Landru. Nomad. Norman. The M-5
While Sturgeon’s brain reprogramming was a stretch, it was at least inventive. Gunn’s story ends with Kirk talking a computer to death, as he had done already in three episodes at the time the outline was written and was about to do again in The Ultimate Computer.
Kirk encountered the Joy Machine early on as a smallish box sitting alone in a room. Towards the end of the story, he and a few others walk into a multi-denominational chapel in the capital city and find “alcoves containing figures or symbolic representations.” These religious statues come to life to debate with the crew. How does this happen, and why? That’s never addressed. It comes across as essentially magic.
The first is a Buddha which “opened its eyes and spoke to them.” They discuss the nature of pleasure, and McCoy makes the first speech. “People are meant to pursue happiness, not to perpetually achieve it.”
The next niche holds an elaborate three-part statue representing Brahma, Vishnu and Siva, and “an exotic incense drifted around the figures and into the air.” One of the figures comes to life, changing into “a naked black woman with four arms wearing a garland composed of the heads of giants. Around her neck was a string of skulls.” (How does a human-sized statue wear a number of giants’ heads? Good question.)
Uhura decides to play the woman card, for some reason. “I am a woman, and I speak to you as a woman… As a woman, I know that the proper way to raise children is with kindness.

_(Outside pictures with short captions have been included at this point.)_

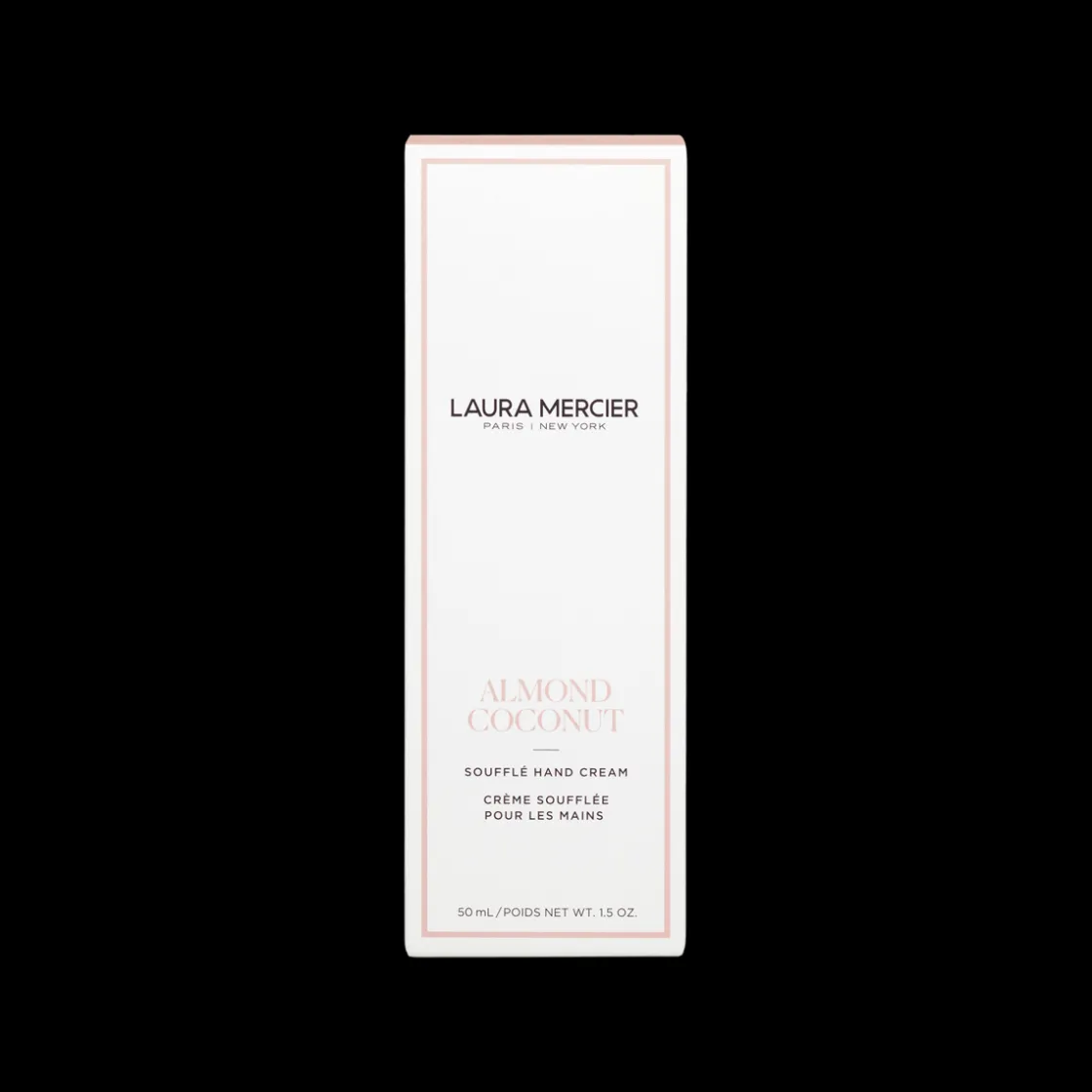 Laura Mercier Hand Cream Almond Coconut 50ml Online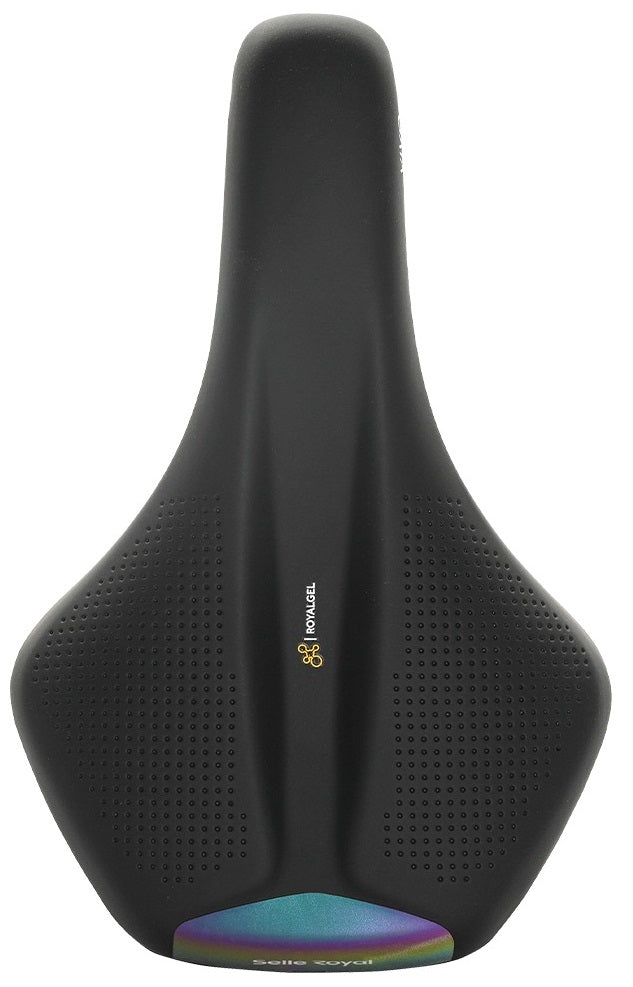 Selle royal vivo - athlétique - noir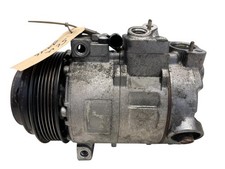 Mercedes SLK 200 R170 136 PS Klimakompressor Klimaanlage Verdichter Aggregat Mercedes SLK 200 R170 136 PS Klimakompressor Klimaanlage Verdichter Aggregat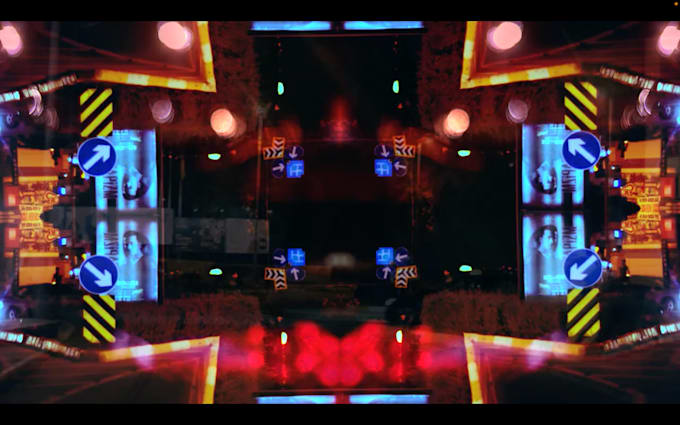 edit your music video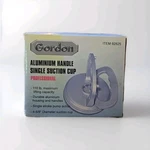 1pc Gordon Aluminum Single Suction Cup Lifter 110 Lb Pro Grade Grip Dent Puller. Fixed Price $7.49.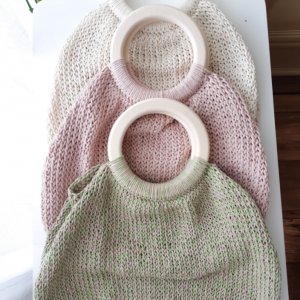 Работа Сумочка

But it is not kind to give children everything they want. Then they never grow up.”
They next approach the figure of Apollo, who “stretched his hand toward Spock as if trying to pass along the spark of truth.”
Lastly, they encounter the Joy Machine back in its basic form of a small box. It also speaks to them, and it is now Kirk’s turn to hold forth. “Happiness is not the only good,” the captain says. “Humans value other things even more: love, friendship, accomplishments, discovery, and, most of all, knowledge. Given a free choice between happiness and knowledge, humanity will choose knowledge every time.”
Sound familiar? It’s the story of Adam and Eve through a lens of This Side of Paradise. In case you missed that, Kirk mentions a Bible story about paradise and the Joy Machine replies “The Garden of Eden.” And that seemingly does the trick.
“Happiness is seductive, but it is ephemeral. Knowledge is eternal. Give your people free will. Provide only the guidelines that an omnipotent being can offer without making its people mere puppets.”
The Joy Machine sat silent for what seemed like minutes to Kirk and the others, but may have been only moments.
The bracelets on the wrists of four of them sprang open and fell to the floor.
And that’s it. Wristbands litter the ground and all the citizens of Timshel may now continue as they were meant to, embracing unhappiness in the quest for knowledge.
These two tropes — Kirk kills a computer and suffering and striving are essential to the human condition — were used in the series more often than was ideal but that is understandable when a small group of people are pumping out 24 to 29 episodes per season on a tight budget. In a novel, however, the use of these fallbacks is just disappointing.
There is also the disturbing reality that the crew encounters and moves past representations of many religions but the challenge of the Joy Machine is only solved when Christian mythology is referenced. I cannot say if that Christian-centric view was intentional but surely someone at Pocket Books should have called out this seeming endorsement of one belief system over others.
Both the novel and the outline sidestep the criticism leveled at episodes such as The Apple, in which Kirk arguably breaks his oath through a quick decision to entirely change a planet’s culture. Timshel is a member of the Federation and at least some of its citizens want help. But this does share the same somewhat unsatisfactory feeling that Kirk lands, dislikes what he sees, changes everything, and then just warps away.
Sturgeon first pitched The Joy Machine for season two and, after revisions, it was added to the list for season three. Marc Cushman writes that it was planned as the 25th episode of that season, and that William Shatner was slated to direct. The third season of TOS contained only 24 episodes.
I don’t love Sturgeon’s outline but it was better than Gunn’s take, and it would have been interesting to see Shatner direct a Star Trek story. Instead, we had to wait 20 years for Star Trek V.
Postscript
James Gunn wrote 16 novels and that is 16 more than I have penned, but I really have no respect for the mechanics of his writing. Here is another bit: “The bridge was once more solidly under Kirk’s feet. He felt the characteristic resilience of its floor beneath him.”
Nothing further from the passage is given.